I don’t know why he, and so many others, find Evolution so threatening to their beliefs. We learn and we change, over time. Well, most of us. Some of us only change when forced to by biology, physics, or a big stick. Dare I say, only when external forces act upon us, while holding as rigidly as possible to a defined internal? (Damn your brain books Mike, there exists religiously to me a quality of essence to thought, choice and experience beyond biological constraint.)
So there’s this solid Earth we’re standing on. Pretty huge. And we plod around on its surface as our own little glob of bound-together atoms, trying to get more money, look pretty, sort things out, have orgasms with people or things, and perpetuate ourselves in one way or another. Some globs of atoms even try to help other globs out. That’s not very entropic. It must be the Sun.
Ah, but the Sun in giving all this energy is slowly burning itself out. You know that the charged energy it radiates would evaporate our atmosphere were it not for the Earth’s magnetic core keeping out the vast majority. But the Sun also radiates things that pass straight through — straight through our magnet shield, straight through our bodies, and straight through the entirety of the Earth, as if none of it was even here. Thousands of billions of particles radiated from the Sun pass through our bodies each second. They travel unhindered and unaffected by the electrical charges of our atoms, passing through the enormous empty space that surrounds each atom that comprises our bodies, at nearly the speed of light. They pass completely through our planet, as if it were less than vapor. Little neutrinos, with their almost zero mass. And they can be used in all kinds of recipes for explaining stuff.
You have to wonder how we can see something that passes through everything. Well, we can’t. But we can see the effect they have upon things we can see, and as we observe the effects upon the things around us, we can piece together what they’re all about to a large degree.
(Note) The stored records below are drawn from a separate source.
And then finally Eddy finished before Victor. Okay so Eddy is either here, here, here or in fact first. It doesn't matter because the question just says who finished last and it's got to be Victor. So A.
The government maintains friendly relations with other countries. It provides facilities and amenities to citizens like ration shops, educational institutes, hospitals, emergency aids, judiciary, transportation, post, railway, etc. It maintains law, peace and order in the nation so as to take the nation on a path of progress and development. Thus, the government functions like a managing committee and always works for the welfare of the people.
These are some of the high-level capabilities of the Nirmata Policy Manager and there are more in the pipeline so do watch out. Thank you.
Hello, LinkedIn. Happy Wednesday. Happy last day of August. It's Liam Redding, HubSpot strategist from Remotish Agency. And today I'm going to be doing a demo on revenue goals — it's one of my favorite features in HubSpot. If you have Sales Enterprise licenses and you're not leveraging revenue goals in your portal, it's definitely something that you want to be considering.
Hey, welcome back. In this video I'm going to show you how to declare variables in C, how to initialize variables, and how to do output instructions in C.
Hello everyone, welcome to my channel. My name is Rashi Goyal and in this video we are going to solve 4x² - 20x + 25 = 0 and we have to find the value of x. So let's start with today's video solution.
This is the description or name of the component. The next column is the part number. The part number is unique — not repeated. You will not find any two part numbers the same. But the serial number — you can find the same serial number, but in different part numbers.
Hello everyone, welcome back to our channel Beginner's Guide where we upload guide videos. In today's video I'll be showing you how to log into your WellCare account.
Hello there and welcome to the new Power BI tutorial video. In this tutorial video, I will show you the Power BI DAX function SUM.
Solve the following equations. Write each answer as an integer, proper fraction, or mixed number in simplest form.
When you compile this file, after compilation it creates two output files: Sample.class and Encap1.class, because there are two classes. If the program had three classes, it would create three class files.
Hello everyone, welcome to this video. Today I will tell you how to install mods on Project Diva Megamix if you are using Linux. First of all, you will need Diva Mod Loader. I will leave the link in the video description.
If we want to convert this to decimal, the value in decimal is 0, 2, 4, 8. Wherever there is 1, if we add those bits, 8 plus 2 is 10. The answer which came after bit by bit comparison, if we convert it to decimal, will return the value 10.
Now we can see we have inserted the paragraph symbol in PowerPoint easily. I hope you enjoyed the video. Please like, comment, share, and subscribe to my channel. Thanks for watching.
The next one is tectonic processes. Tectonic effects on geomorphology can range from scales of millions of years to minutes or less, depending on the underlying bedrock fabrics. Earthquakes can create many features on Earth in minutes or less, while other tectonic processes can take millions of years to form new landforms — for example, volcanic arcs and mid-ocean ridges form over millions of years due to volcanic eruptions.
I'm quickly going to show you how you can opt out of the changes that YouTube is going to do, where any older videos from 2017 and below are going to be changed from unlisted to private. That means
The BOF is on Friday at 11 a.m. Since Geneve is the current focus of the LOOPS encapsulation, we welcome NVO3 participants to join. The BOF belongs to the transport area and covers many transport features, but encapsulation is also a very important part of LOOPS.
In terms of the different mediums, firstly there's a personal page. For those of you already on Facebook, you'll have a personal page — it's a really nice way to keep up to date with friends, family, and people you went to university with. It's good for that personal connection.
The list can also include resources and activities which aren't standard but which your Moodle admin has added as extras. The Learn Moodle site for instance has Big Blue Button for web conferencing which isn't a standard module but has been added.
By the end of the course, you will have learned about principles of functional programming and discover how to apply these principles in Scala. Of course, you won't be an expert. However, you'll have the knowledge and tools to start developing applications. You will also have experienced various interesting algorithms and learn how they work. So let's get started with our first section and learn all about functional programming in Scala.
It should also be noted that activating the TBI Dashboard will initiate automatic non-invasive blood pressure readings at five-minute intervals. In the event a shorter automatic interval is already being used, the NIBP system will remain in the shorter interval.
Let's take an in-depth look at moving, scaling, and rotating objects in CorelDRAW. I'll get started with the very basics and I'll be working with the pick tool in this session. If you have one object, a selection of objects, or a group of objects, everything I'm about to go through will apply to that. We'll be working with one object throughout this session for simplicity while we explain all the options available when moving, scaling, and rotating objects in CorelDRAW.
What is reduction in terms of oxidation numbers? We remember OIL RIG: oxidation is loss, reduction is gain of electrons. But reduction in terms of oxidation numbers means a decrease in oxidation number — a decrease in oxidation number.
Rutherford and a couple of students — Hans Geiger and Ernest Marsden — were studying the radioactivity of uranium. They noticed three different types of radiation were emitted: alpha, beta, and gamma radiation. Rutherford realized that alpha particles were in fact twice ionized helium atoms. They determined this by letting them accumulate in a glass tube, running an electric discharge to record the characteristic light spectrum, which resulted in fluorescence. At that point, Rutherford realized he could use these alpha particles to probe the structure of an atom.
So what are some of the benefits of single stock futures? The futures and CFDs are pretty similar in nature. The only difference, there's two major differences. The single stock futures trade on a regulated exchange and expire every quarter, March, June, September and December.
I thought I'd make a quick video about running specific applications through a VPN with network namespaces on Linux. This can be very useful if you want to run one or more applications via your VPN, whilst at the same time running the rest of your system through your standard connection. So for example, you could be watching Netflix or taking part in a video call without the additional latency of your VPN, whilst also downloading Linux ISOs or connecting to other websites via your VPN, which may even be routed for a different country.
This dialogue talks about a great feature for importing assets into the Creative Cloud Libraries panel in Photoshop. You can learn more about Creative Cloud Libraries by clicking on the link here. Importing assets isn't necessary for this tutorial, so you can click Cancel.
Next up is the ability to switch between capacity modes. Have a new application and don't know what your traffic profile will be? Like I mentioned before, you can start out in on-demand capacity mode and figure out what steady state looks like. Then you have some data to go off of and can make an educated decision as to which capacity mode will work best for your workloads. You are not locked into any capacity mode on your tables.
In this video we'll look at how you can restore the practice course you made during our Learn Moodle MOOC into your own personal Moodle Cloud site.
Kamioka Observatory, ICRR(Institute for Cosmic Ray Research), The University of Tokyo
These neutrinos are very sneaky though. If we built a solid lead block as large as the whole solar system, pretty much none of them would be stopped. Not to be discouraged, the Japanese built a large globe of water with many thousands of light detectors. It’s the University of Tokyo’s Super-Kamiokande. They built it far underground (well, three thousand feet or so) so that the Earth would act as a filter against all the less subtle particles. Every once in a while, a neutrino will hit an atom of water. Well, not really an atom, but rather a more fundamental particle, like a proton within a given atom. If a certain type of neutrino (beta, of three types) hits a proton, it changes the proton into a neutron and a positron (an antimatter electron) is flung out. It isn’t long until this positron annihilates itself against an electron, and this produces a flash of light as gamma radiation. Now that we can see. In fact, we can use it to see through the Earth if we like.
You’ll see here a little picture of the sun shining through all the solid density of our planet. Remember, this picture only shows the tiniest fraction of what shines straight through the world. If we could actually see it all, it would be blindingly bright.
Some of you with some chemistry background have realized that when you change the number of protons in an atom, you have changed an atom into a completely different atom. For example, hit by a neutrino, Oxygen magically transforms into Nitrogen, and Carbon into Boron. It’s probably a very good thing that most of the “substance” of the universe is immaterial to a neutrino.
As I mentioned, science has all kinds of uses for the neutrino in its theories, ranging from gravitation to an explanation of Dark Matter, though all of it is currently highly speculative. For me, these all-pervasive ghostly particles, as they are often called, are not really the ghostly thing. The rest of solid matter is.